Reporter: Barratut Taqiyyah | Editor: Barratut Taqiyyah Rafie
JAKARTA. Industri mainan di Indonesia memiliki prospek positif. Hal ini diungkapkan oleh Sudarman Wijaya, Vice Chairman for Marketing Asosiasi Pengusaha Mainan Indonesia (APMI). "APMI memprediksi, tahun ini, pertumbuhan industri mainan bisa mencapai 10% dibanding tahun lalu," jelasnya.
Sudarman menjelaskan, industri mainan di Indonesia terbagi atas enam kategori, yakni mainan dari bulu atau beludru (soft toy), mainan dari logam (metal), mainan melengkung (inflatable), mainan edukasi dari kayu (wooden), mainan berbahan plastik (plastic injection toy), dan mainan elektronik komputer (computerize).
Saat ini, lanjut Sudarman, Indonesia hanya mengandalkan soft toy, metal, inflatable, dan wooden sebagai primadona ekspor dan lokal. Sementara, "Untuk mainan plastic injection toy dan computerize, Indonesia masih harus mengimpor dari luar negeri," jelasnya. Negara pengimpor mainan tersebut antara lain Hongkong, Taiwan, dan China.
Ada beberapa hambatan yang dialami pengusaha mainan tanah air terkait hal itu. Misalnya saja, keterbatasan modal, industri pendukung, serta sumber daya manusia.
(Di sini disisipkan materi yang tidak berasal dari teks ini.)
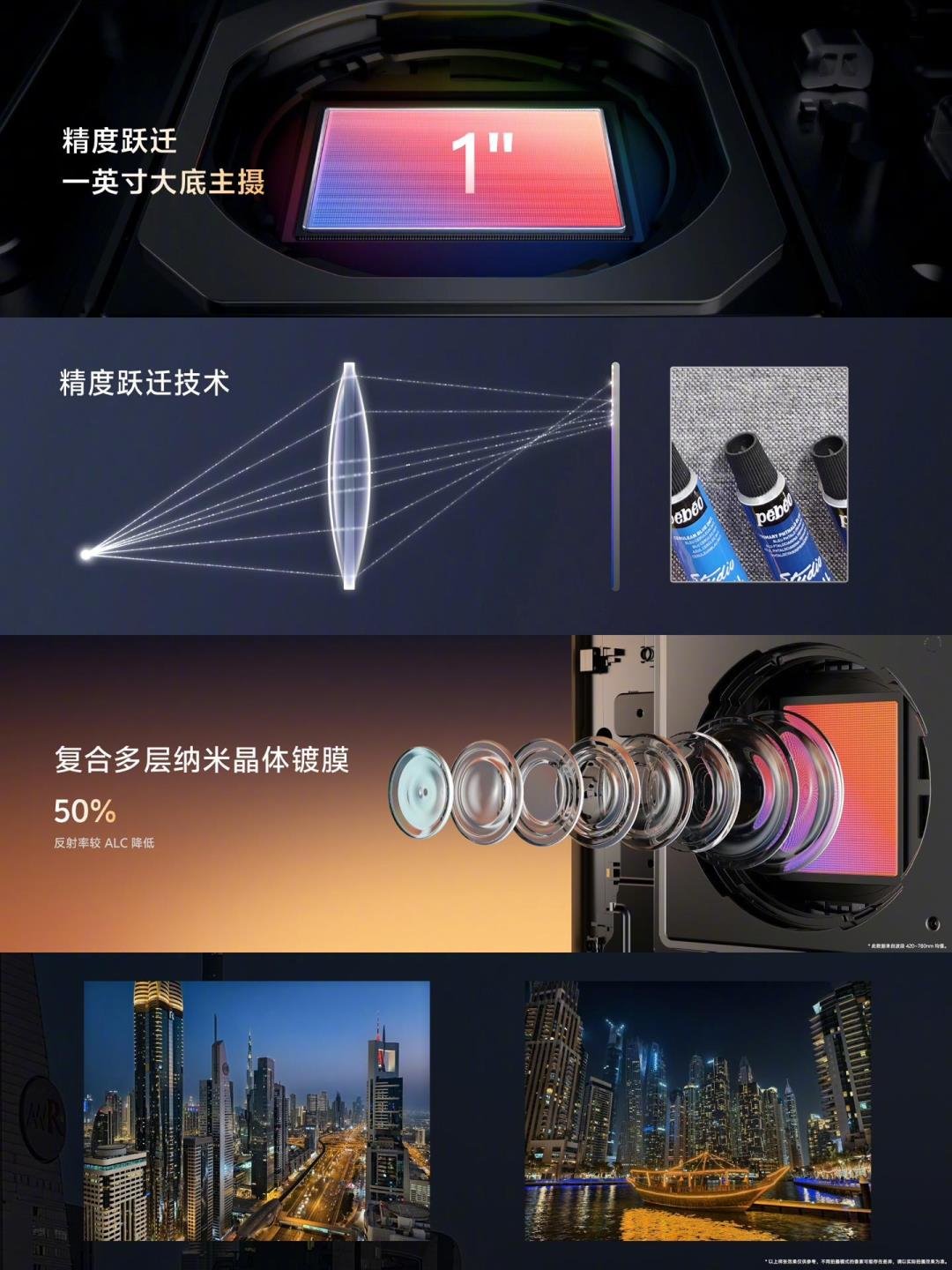 維信諾、京東方供屏，vivo X100系列發(fā)布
Sudarman menilai, serbuan mainan impor untuk kategori plastic injection dan computerize cukup disayangkan mengingat tingginya permintaan dari pasar lokal. Apalagi, sejumlah importir menghalalkan berbagai cara untuk mengisi ceruk pasar ini yang menyebabkan banyaknya produk dengan kualitas rendah dan berbahaya bagi kesehatan anak di pasar.
Itu sebabnya, APMI mendesak pemerintah untuk segera menerapkan Standar Nasional Indonesia (SNI) di industri mainan. "Saat ini SNI masih dalam proses. Kami harap bisa cepat selesai," imbuhnya. Dengan adanya SNI tersebut, Sudarman berharap serbuan mainan impor bisa terbendung.